This week the NUT, teaching profession and world of education in general were dealt a devastating blow with the loss of Steve Sinnott, the union's general secretary. Everyone's thoughts are with his wife Mary, son, daughter, grandchildren and parents, who knew better than anyone what a caring and devoted man he was.
The tributes to Steve have poured in as we have tried to make sense of what his death will mean. Throughout it all, I have returned time and again to the fact that all teachers knew too well: that in this dispute, which will see NUT members on April 24 strike over pay for the first time in 21 years, Steve was absolutely right.
Members were convinced by Steve's determination that the union, to which he gave so much, must make a stand against the successive pay cuts that are causing the profession so much harm.

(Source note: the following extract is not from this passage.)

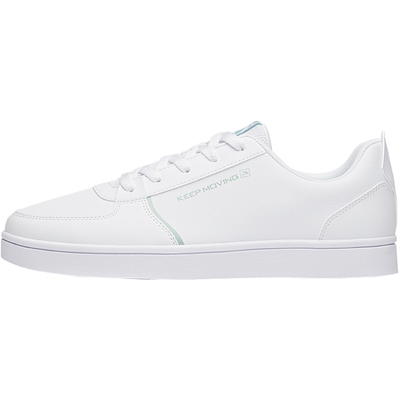 安踏新款官网旗舰低帮小白鞋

The statistics of the pay ballot are well-known and rehearsed - 75.2 per cent of those who voted did so in favour of the action. That is a significant majority. The separate TES poll supports that finding. Of the 8,000 teachers who took part from all unions, more than 60 per cent indicated that they were supportive of the NUT's decision. More than 70 per cent of those identified as NUT members also agreed, which - when compared with the ballot - demonstrates the accuracy of the poll.
Steve repeatedly urged the other teaching unions to join us in this fight. The TES poll shows that most of those unions' members are in support and would have placed the exact same X in the exact same box as more than three-quarters of voting NUT members.
If you consider the fact that those members of other unions would not have received the same literature as NUT members, outlining and explaining the reasons for the campaign, the overwhelming likelihood is that a concerted campaign by all teaching unions would have resulted in the same majority vote for industrial action that was delivered by the NUT.
In the days since the news of Steve's death came through we have witnessed a steely determination among our colleagues that the fight has to go on.
Teachers and other public sector employees have had enough of this Government's imposition of below-inflation pay rises. Steve recognised this before anyone else. He understood the difficulties facing young teachers today, striving to make ends meet, unable to get on the property ladder and making do just to get by.
I was present on many occasions when Steve spoke eloquently, wisely and passionately about these issues. He frequently used the analogy of when he had been a young teacher in the 1970s with a young family. He explained that it was a time when teachers were underpaid and undervalued. His great fear was that we were slowly but surely seeing a return to those days. He called for an end to what he described as the "boom and bust" policies that had dominated teachers' pay since that time. And he was right. In every possible way, Steve Sinnott was right, and the NUT was right to ballot its members.
April 24 2008 has its own significance as the day of the first teachers' strike over pay for 21 years. In the lead-up to that date, the NUT will continually urge the Government to talks. The fight for fair pay for teachers will continue. The NUT's stand on behalf of all teachers will remain. Steve would not have wanted it any other way.
David Evans is secretary of NUT Cymru.